跳到主要内容

Plugin creation

There are many ways to create a Strapi 5 plugin, but the fastest and recommended way is to use the Plugin SDK.

The Plugin SDK is a set of commands orientated around developing plugins to use them as local plugins or to publish them on NPM and/or submit them to the Marketplace.

With the Plugin SDK, you do not need to set up a Strapi project before creating a plugin.

The present guide covers creating a plugin from scratch, linking it to an existing Strapi project, and publishing the plugin. If you already have an existing plugin, you can instead retrofit the plugin setup to utilise the Plugin SDK commands (please refer to the Plugin SDK reference for a full list of available commands).

Note

This guide assumes you want to develop a plugin external to your Strapi project. However, the steps largely remain the same if you want to develop a plugin within your existing project. If you are not using a monorepo the steps are exactly the same.

Prerequisites

yalc must be installed globally (with npm install -g yalc or yarn global add yalc).

Getting started with the Plugin SDK

The Plugin SDK helps you creating a plugin, linking it to an existing Strapi project, and building it for publishing.

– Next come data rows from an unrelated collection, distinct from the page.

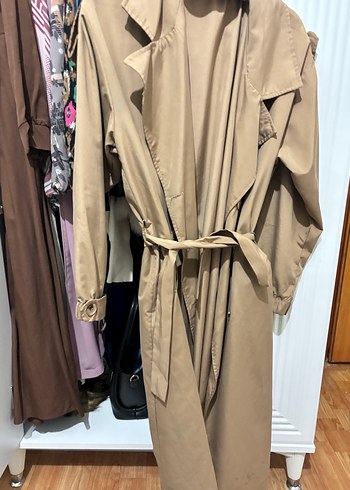 Bej Midi Kadın Trençkot Düğmeli Cepli iki rengide mevcut - Görsel 4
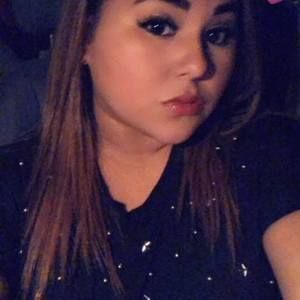 Meet your Posher, Perla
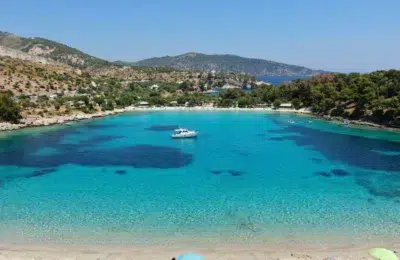 Cinci romani au platit 118 euro pe o masa cu fructe de mare in Thassos. Ce au primit de acesti bani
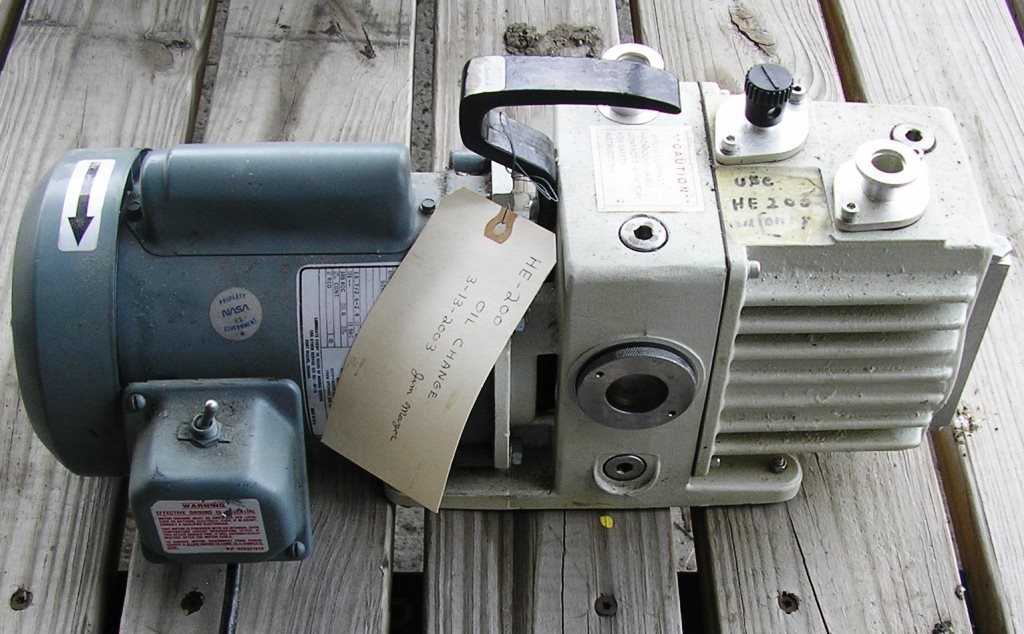 Leybold Hereaus Trivac Pumps D2A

The full list of commands and their parameters are available in the Plugin SDK reference. The present page will guide on using the main ones.

Creating the plugin

To create your plugin, ensure you are in the parent directory of where you want it to be created and run the following command:

yarn dlx @strapi/sdk-plugin init my-strapi-plugin

The path my-strapi-plugin can be replaced with whatever you want to call your plugin, including the path to where it should be created (e.g., code/strapi-plugins/my-new-strapi-plugin).

You will be ran through a series of prompts to help you setup your plugin. If you selected yes to all options the final structure will be similar to the default plugin structure.

Linking the plugin to your project

In order to test your plugin during its development, the recommended approach is to link it to a Strapi project.

Linking your plugin to a project is done with the watch:link command. The command will output explanations on how to link your plugin to a Strapi project.

In a new terminal window, run the following commands:

cd /path/to/strapi/project
yarn dlx yalc add --link my-strapi-plugin && yarn install
Note

In the above examples we use the name of the plugin (my-strapi-plugin) when linking it to the project. This is the name of the package, not the name of the folder.

Because this plugin is installed via node_modules you won't need to explicity add it to your plugins configuration file, so running the develop command to start your Strapi project will automatically pick up your plugin.

Now that your plugin is linked to a project, run yarn develop or npm run develop to start the Strapi application.

You are now ready to develop your plugin how you see fit! If you are making server changes, you will need to restart your server for them to take effect.

Building the plugin for publishing

When you are ready to publish your plugin, you will need to build it. To do this, run the following command:

yarn build && yarn verify

The above commands will not only build the plugin, but also verify that the output is valid and ready to be published. You can then publish your plugin to NPM as you would any other package.

Working with the Plugin SDK in a monorepo environment

If you are working with a monorepo environment to develop your plugin, you don't need to use the watch:link command because the monorepo workspace setup will handle the symlink. You can use the watch command instead.

However, if you are writing admin code, you might add an alias that targets the source code of your plugin to make it easier to work with within the context of the admin panel:

import path from 'node:path';

export default (config, webpack) => {
config.resolve.alias = {
...config.resolve.alias,
'my-strapi-plugin': path.resolve(
__dirname,
// We've assumed the plugin is local.
'../plugins/my-strapi-plugin/admin/src'
),
};

return config;
};
Caution

Because the server looks at the server/src/index.ts|js file to import your plugin code, you must use the watch command otherwise the code will not be transpiled and the server will not be able to find your plugin.